Directions for this task: Quote these lines exactly: the one that holds "Vente-unique Combination Bed" and every line after it to the end of the material below. Skip pictures.

Collected data:
-.-.-

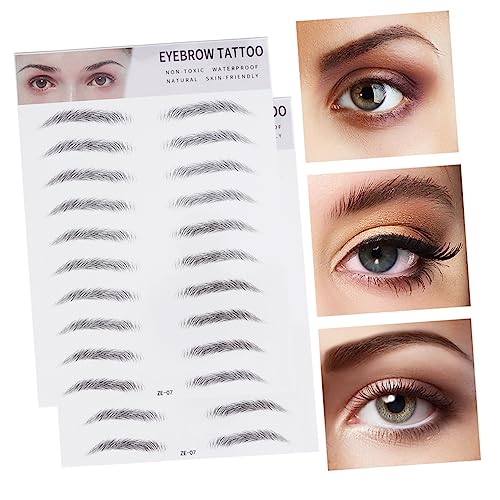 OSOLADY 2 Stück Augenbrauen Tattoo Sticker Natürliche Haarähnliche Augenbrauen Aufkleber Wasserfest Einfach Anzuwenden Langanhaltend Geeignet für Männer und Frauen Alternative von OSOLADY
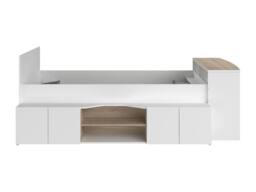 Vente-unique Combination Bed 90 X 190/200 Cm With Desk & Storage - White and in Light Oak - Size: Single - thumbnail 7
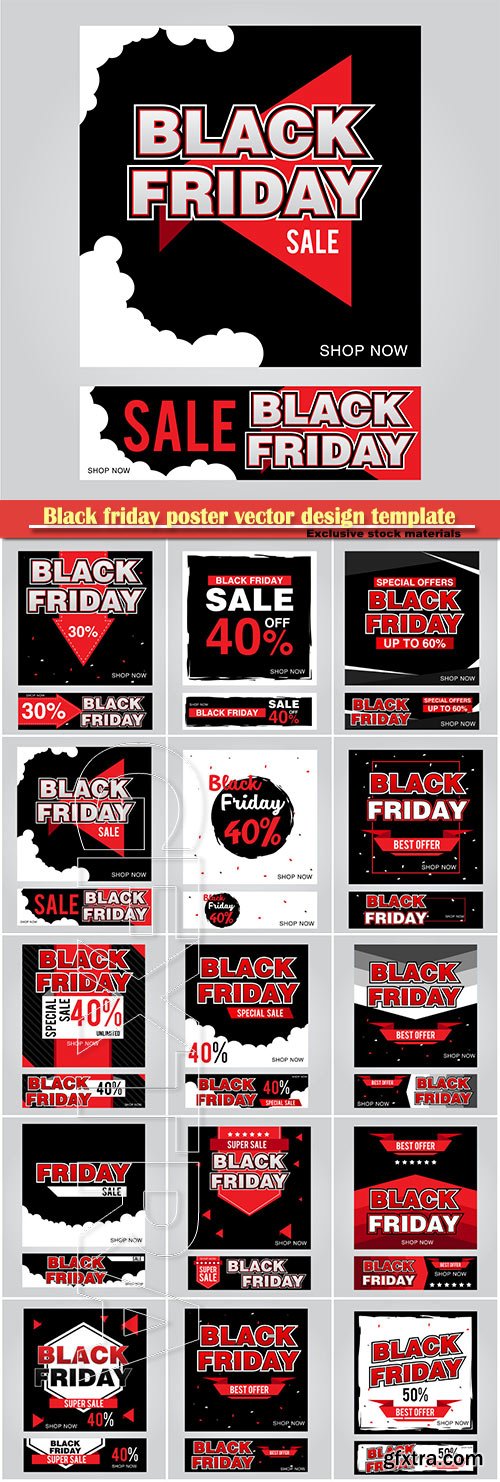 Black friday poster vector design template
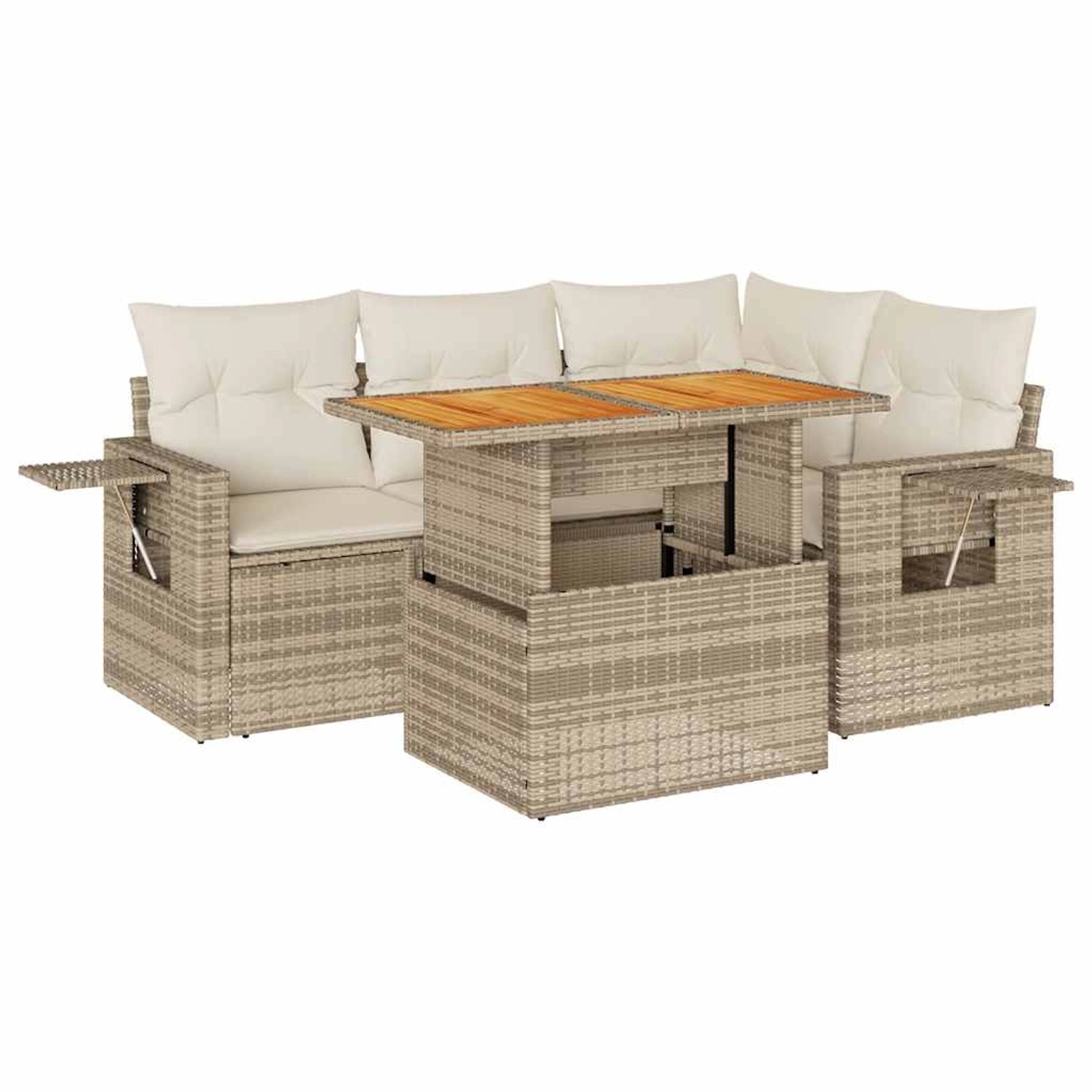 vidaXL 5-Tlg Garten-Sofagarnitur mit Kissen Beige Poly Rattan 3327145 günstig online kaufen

-.-.-

Output:
 Vente-unique Combination Bed 90 X 190/200 Cm With Desk & Storage - White and in Light Oak - Size: Single - thumbnail 7
 Black friday poster vector design template
 vidaXL 5-Tlg Garten-Sofagarnitur mit Kissen Beige Poly Rattan 3327145 günstig online kaufen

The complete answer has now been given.